Japan Pizza Culture
22 January 2020
Matt Goulding in “Slice of Tokyo: How Japan Became a Pizza Hotspot”:
After passing my final exam before a panel of Naples’ old guard of pizzamakers, I asked the judges who else, besides the Italians, were making good pizzas. Most just smirked and ignored the question, as if it had no reasonable answer. But one of the older gentlemen waited until the conversation moved on before waving me in close:
“Don’t tell anyone I told you this, but the Japanese are making better pizzas than we are.”
I had, indeed, a wonderful Margherita at Seirinkan while I was in Tokyo three years ago.

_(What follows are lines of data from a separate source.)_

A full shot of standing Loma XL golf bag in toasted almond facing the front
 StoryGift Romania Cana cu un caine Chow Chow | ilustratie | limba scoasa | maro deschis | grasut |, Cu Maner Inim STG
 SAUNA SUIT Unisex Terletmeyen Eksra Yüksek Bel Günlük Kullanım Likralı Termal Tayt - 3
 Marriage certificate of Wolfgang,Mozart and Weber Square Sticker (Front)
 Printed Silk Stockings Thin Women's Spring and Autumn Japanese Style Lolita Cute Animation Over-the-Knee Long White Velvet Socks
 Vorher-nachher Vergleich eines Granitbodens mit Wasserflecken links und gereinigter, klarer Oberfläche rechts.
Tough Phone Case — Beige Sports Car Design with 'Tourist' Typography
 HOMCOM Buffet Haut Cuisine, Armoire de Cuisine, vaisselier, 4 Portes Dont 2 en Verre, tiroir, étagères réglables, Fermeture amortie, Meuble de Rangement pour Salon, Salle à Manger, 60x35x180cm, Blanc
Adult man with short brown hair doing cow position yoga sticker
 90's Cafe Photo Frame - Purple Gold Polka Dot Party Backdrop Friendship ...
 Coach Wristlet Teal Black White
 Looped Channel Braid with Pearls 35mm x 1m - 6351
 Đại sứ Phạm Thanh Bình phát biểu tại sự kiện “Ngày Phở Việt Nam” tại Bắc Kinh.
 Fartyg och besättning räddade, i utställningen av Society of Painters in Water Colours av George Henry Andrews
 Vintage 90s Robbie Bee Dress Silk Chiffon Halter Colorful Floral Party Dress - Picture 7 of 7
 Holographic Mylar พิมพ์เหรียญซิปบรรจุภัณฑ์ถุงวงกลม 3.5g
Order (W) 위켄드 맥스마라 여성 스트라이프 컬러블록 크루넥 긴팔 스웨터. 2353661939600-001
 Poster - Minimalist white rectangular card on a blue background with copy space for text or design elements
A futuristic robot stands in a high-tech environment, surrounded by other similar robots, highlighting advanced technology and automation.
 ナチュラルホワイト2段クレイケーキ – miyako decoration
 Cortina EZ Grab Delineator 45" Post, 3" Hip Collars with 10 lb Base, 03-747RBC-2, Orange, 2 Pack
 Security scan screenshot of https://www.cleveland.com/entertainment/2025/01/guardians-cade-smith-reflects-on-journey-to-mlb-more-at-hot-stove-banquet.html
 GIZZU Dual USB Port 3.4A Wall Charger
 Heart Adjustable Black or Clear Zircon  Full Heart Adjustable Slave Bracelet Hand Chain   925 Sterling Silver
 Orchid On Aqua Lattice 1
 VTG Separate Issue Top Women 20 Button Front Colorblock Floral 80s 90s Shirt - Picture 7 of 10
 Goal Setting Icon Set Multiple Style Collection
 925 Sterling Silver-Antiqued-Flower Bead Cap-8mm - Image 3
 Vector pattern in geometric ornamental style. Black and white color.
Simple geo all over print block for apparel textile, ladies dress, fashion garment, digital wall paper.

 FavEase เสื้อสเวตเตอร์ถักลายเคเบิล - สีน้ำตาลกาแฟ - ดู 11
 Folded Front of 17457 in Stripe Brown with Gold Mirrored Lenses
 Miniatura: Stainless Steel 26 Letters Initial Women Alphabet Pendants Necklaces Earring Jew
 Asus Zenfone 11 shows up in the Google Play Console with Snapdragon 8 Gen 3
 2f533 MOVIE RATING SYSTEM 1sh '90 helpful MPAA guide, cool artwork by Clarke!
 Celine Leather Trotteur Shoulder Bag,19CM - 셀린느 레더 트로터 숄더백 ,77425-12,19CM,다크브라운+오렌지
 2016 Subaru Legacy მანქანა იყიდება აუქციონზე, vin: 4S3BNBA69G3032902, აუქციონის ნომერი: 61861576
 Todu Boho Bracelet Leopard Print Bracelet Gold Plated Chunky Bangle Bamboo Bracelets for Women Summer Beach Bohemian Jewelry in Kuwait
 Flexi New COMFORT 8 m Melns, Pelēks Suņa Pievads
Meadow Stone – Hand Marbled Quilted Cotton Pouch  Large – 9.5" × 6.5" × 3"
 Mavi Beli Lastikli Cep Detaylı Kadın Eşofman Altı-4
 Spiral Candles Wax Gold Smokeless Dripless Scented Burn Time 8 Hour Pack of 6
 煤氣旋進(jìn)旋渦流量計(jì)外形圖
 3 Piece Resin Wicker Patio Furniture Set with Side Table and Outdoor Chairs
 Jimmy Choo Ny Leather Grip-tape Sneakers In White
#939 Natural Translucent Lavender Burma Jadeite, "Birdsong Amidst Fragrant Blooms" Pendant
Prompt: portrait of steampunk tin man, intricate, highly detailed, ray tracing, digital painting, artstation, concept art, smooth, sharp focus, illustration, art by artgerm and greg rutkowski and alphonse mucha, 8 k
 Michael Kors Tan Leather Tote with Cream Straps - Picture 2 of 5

Related, from one of my favorite essays by Craig Mod on the same subject, “Tokyo Neapolitan: The New Wave of Japanese Pizza”:
“Pizza shops are not quite like bakeries, not quite like restaurants — everything comes together in a single moment; 60 seconds determine the success or failure of a meal.”
[…]
It turns out the decision to pre-cut a pizza comes with its own philosophical underpinnings
Inoue believes that because a pizza is not perfectly symmetrical in terms of ingredient distribution, each slice is inevitably a little different; there's no way to cut a pizza in a way that perfectly captures its entire essence in a single slice. His ideal is for one person to eat an entire pie on their own, ensuring they experience the full spectrum of flavors.
And also slightly related, a more recent one by the same Craig Mod: “I Walked 600 Miles Across Japan for Pizza Toast”.